Bir Annenin Kırılmaz Savunması
Yurena’nın hikayesinin merkezinde, 2019’da uzun bir hastalıktan sonra vefat eden annesi Margarita Seisdedos yer alıyor. Film onu bir yan karakter olarak değil, Yurena’nın hayatının ortak kahramanı olarak tasvir ediyor — kızını her şeye karşı savunmak için Madrid’e taşınmak üzere hayatını geride bırakan bir “madre coraje” (cesur anne). Margarita, kavgacı televizyon programları ve efsaneye göre korunmak için içinde bir tuğla bulundurduğu el çantasıyla kendi başına bir medya ikonu haline geldi. Film, sık sık alay konusu olmasına rağmen bu kamusal imajın, şiddetli ve koşulsuz bir anne sevgisinin dış zırhı olduğunu araştırıyor. Yurena, annesine yönelik halka açık saldırılardan duyduğu acının, kendisine yönelik saldırılardan duyduğu acıdan bile daha büyük olduğunu açıklıyor. Belgesel, Yurena’nın annesi tarafından kozmik bir adalet biçimi olarak gönderilen “cennetten bir hediye” olduğuna inandığı bir proje, ölümünden sonra bir anma olarak duruyor.

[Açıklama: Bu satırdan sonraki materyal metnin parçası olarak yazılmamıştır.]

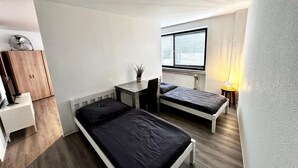 A compact bedroom with two single beds, a small table, a chair, a wardrobe, and a window with blinds.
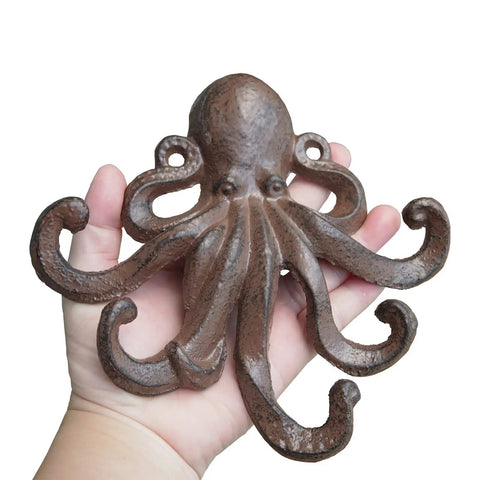 Heavy Duty Cast Iron Octopus Wall Hooks With Sleek Nautical Vibes And Aged Dark Brown Finish for hanging, in hand for size reference.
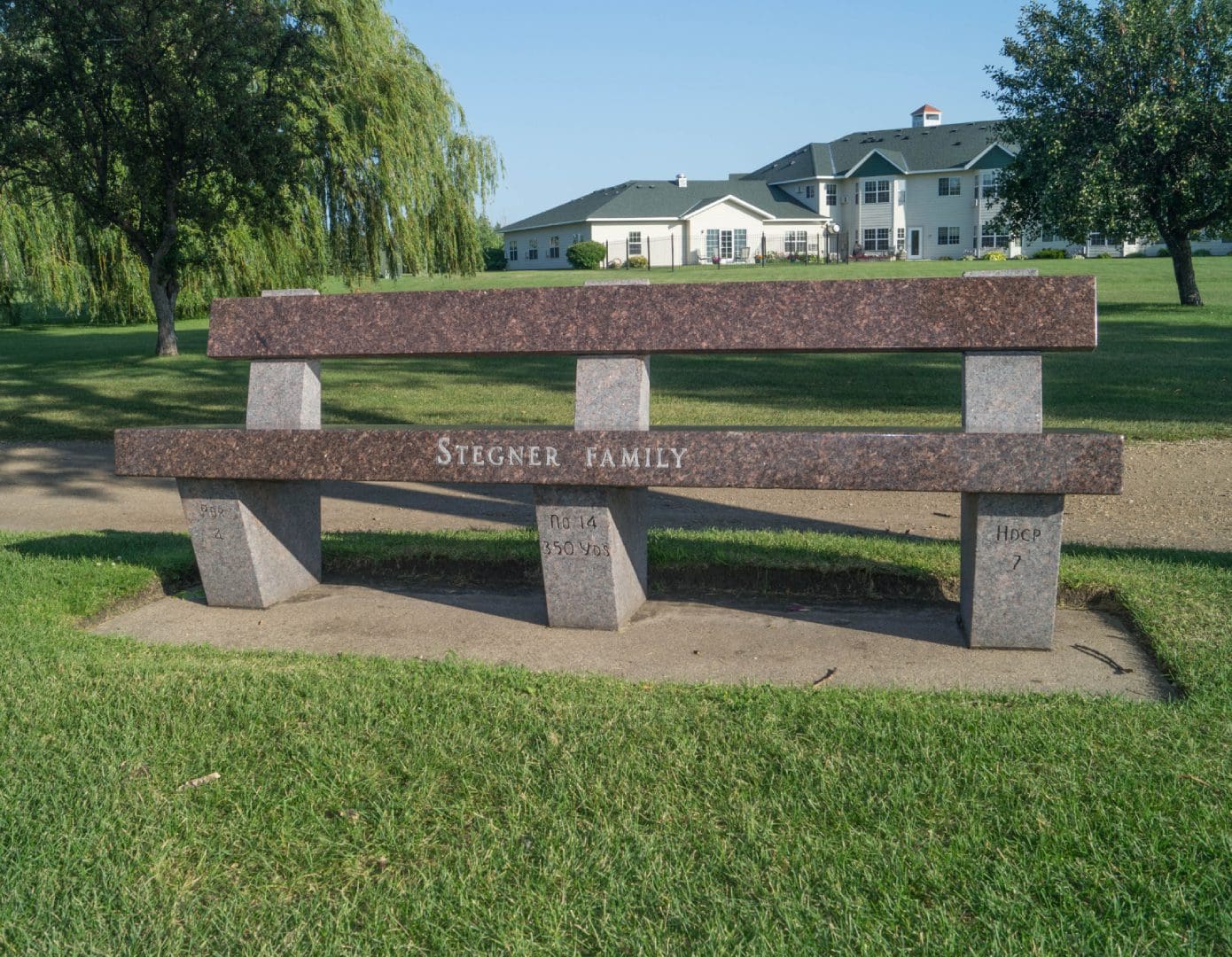 A bench in the middle of a park with grass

Hayatta Kalanın Yeniden Doğuşu
Film, Yurena’nın ilk şöhretinin sonrasını, bolero şarkıcısı Tamara Macarena Valcárcel Serrano’nun açtığı ve onu sahne adını bırakmaya zorlayan davayı da anlatıyor. “Ámbar”a kısa ve başarısız bir geçişin ardından Yurena adını benimsedi ve bilinçli bir şekilde ortadan kaybolma kararı aldı. Yaklaşık beş yıl boyunca Madrid’de kendi gece kulübünü işletti ve çok sayıda röportaj ve reality şov teklifini geri çevirdi. 2012’deki geri dönüşü tam bir yeniden doğuşu simgeliyordu. Kariyerinin tam kontrolünü eline alarak, dans ve EDM odaklı yeni bir müzik yönünü kendi finanse etti ve üretti, “Go” gibi İngilizce single’lar ve viral hit “Around the World”ü yayınladı. Bu yeni dönem, Çin’deki turneler de dahil olmak üzere beklenmedik bir uluslararası başarı getirdi ve Hotel Glam, Supervivientes ve GH Dúo gibi reality şovlardaki görünümleriyle İspanyol pop kültüründeki kalıcı yerini sağlamlaştırdı.
Haklı Çıkma ve Miras
Yurena: Her Daim Süperstar, kesin bir hak talebi eylemi olarak işlev gören dokunaklı ve temel bir portredir. Televizyon karikatürlerinin arkasındaki insanları insanileştiriyor ve ezici kamusal zulüm karşısında kişisel dayanıklılığın güçlü bir hikayesini anlatıyor. Film, Yurena’yı bir medya gösterisi veya “kırık bir oyuncak” olarak değil, çoğunu yok edecek bir çileye katlanmış, sadece daha güçlü ve nihayetinde kendi hikayesinin kontrolünü elinde tutan bir hayatta kalan olarak yeniden çerçeveliyor. Ona son sözü vererek, belgesel, her şeye rağmen hala ayakta olan bir süperstar olarak mirasını pekiştiriyor.
Yurena: Her Daim Süperstar belgeseli, Superestar dizisiyle birlikte 18 Temmuz 2025’te dünya çapında Netflix‘te gösterime girdi.